* _YOUR OBJECTIVE_: Range to reproduce from the entries below: the line with "Pink Palaka Hawaii", the line with "eesome Black &", and every line in between. Give them exactly and give nothing else.

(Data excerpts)
↓

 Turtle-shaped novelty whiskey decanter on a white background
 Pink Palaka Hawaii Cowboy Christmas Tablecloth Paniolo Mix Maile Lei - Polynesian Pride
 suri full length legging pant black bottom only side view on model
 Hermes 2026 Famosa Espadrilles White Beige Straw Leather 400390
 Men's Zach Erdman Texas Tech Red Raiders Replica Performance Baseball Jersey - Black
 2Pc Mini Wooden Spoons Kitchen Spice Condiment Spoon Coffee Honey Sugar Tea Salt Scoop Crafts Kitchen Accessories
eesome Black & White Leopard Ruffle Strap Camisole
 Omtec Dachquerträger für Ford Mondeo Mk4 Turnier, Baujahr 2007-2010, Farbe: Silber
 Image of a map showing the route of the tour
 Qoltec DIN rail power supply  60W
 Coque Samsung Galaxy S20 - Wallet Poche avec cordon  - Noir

↑

* _FINAL ANSWER_:
 Pink Palaka Hawaii Cowboy Christmas Tablecloth Paniolo Mix Maile Lei - Polynesian Pride
 suri full length legging pant black bottom only side view on model
 Hermes 2026 Famosa Espadrilles White Beige Straw Leather 400390
 Men's Zach Erdman Texas Tech Red Raiders Replica Performance Baseball Jersey - Black
 2Pc Mini Wooden Spoons Kitchen Spice Condiment Spoon Coffee Honey Sugar Tea Salt Scoop Crafts Kitchen Accessories
eesome Black & White Leopard Ruffle Strap Camisole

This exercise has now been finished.